Siemens' "True Cost of Downtime 2024" analysis shows that downtime costs at large plants have surged in just a couple of years, driven by more complex, tightly-coupled supply chains and higher input costs. Broader industry analysts estimate that for the world's 500 largest companies, unplanned downtime now eats about 11% of total revenues, rising from roughly USD 864 billion in 2019–2020 to around USD 1.4 trillion by 2024—a staggering 62% jump.

That's the large-enterprise end of town. For SME manufacturers, the absolute numbers are smaller, but the impact is often more brutal: thinner margins, fewer buffers, and less pricing power mean a single significant unplanned stoppage can put a whole year's performance at risk.

The hidden iceberg of unplanned downtime costs

Here's the trap most of us fall into: we talk about downtime as "cost per hour" and stop there. It makes the problem feel tidy, and it massively underestimates the damage.
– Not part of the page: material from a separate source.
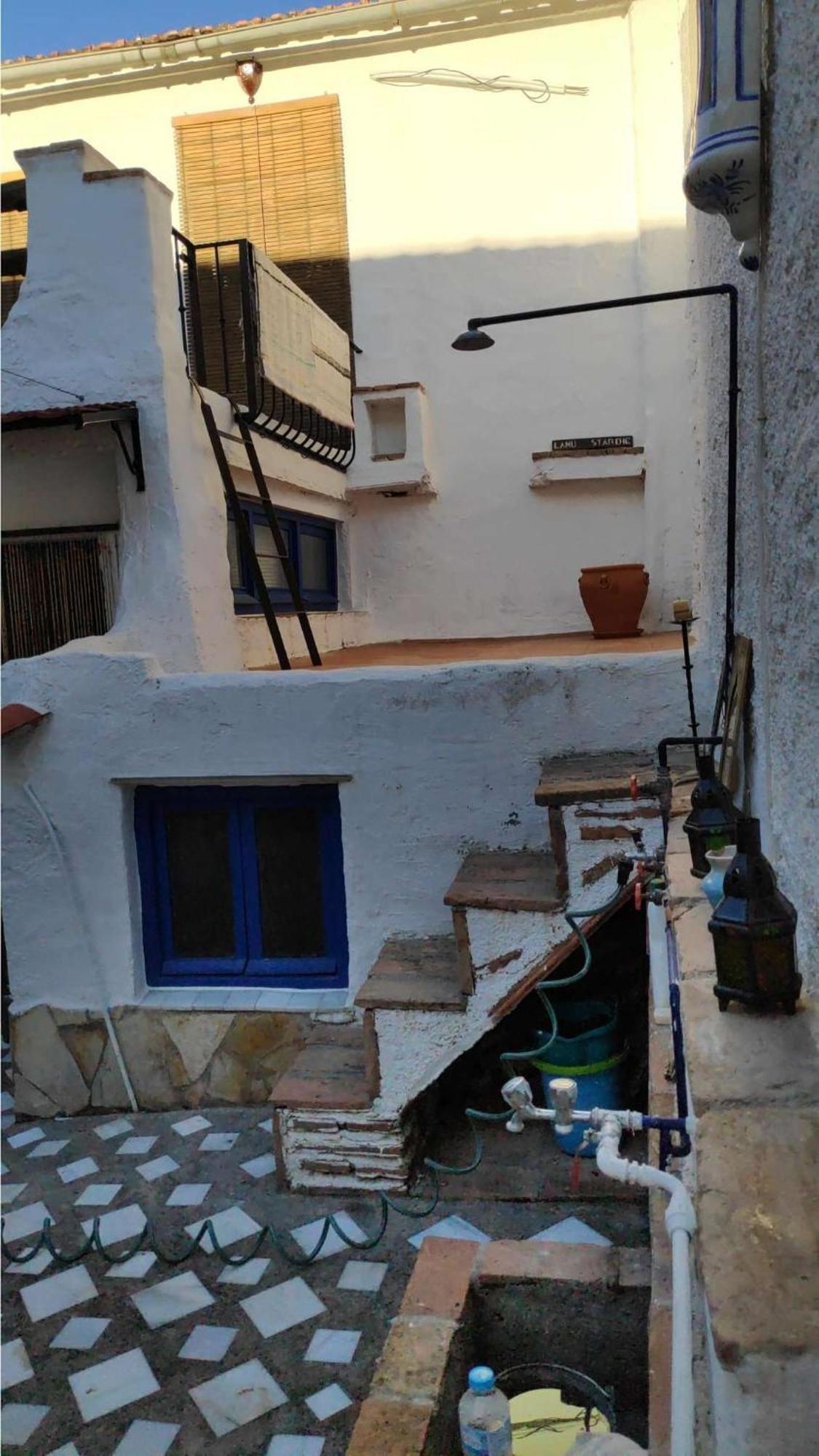 Casa En Purchil Villa Granada Eksteriør bilde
In reality, the impact of unplanned downtime is more like an iceberg. Above the waterline you have the obvious stuff: repair bills, spare parts, lost production for the shift. Below the waterline is where it gets interesting—and uncomfortable. There you find idle labour, contractor call-ins, expedited parts bought at hefty premiums, overtime paid at 1.5–2x rates, and scrap generated when you shut down and restart unstable processes.

Inside the four walls of the factory, those hidden costs also show up as constant changeovers, extra cleaning and setup time, rework and waste product, planners rewriting schedules at short notice just to keep lines busy. Over time, chronic micro-stoppages—those small, frequent interruptions we learn to live with—can be more damaging than the occasional catastrophic breakdown because they normalise process instability and quietly mask true performance losses.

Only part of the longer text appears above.